My heart hurts, not because of their singing but because the judges roll their eyes. Because the producers have purposefully selected these auditions along with other ones that will assuredly end up in the finals. Because it's intended to make us all laugh, and yet it's not funny.

When I watched these performances in the past, I assumed those contestants were crushed when it happened. And yet, other times, they seem strangely collected. Unruffled by the whole experience.

Here's what I've come to realize: Those contestants weren't completely inadequate or insufficient for purpose. The show needed them, and they needed the show. It just wasn't in the way they expected.

All From the Source of Love

The Divine works this way.

When facing your writing, you might find yourself thinking that it needs to look a certain way. That your story needs to be received in a particular manner. You forget, assuming you're in charge, and try to control how readers will respond by writing in a certain way or worrying about a certain aspect…

And then, if or when, things don't work out like you expected them to, it hurts.

The thing is, none of us, certainly not me, know the bigger plan for our writing journeys.

Sometimes we get hints. We post a piece, and someone comments. We share a poem, and someone tells us it’s love. We may submit pieces and they get accepted. Or we write other things, and no one says anything. Or they get rejected.

What I realized, yet again this week, it's the fear of it all not working the way you expect it to that can keep you stuck.

It can keep you from writing in the first place.

But what happens when we remember that everything in the world comes from the Source of Love, including our words and stories?

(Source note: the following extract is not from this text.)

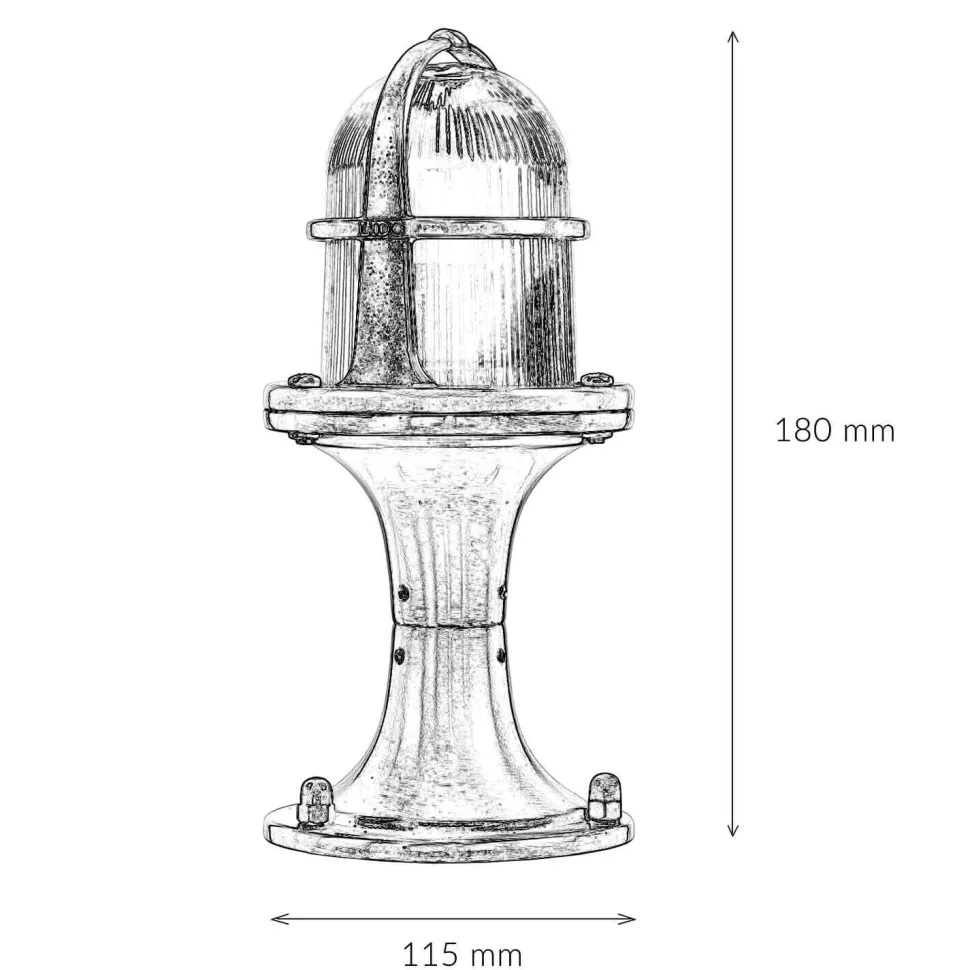 Wegeleuchte klein 25 cm IP64 E27 Echt-Messing Glas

How might that open us up?

Feeling Free

What if? What if you could come to see even the experience of possible rejection as an act of love? What if something wonderful was made from that experience?

It might just refuel you. It might help you remember the reason you love writing in the first place. It might release you.

It might just bring you home.

I think about those contestants sometimes. Maybe having faced the worst thing that could happen to them, ever, and having lived through it, they feel suddenly free. They feel free to give up and move on from what they've been pursuing. Free to set it aside for a moment.

Or what if, miraculously, they feel free to keep on singing with no further expectations. They can sing simply for the joy of it. Because, despite having been judged, they know without a doubt that it's something they love.

What might they do with freedom like that?

What might you do— with your pen, your keyboard, your voice?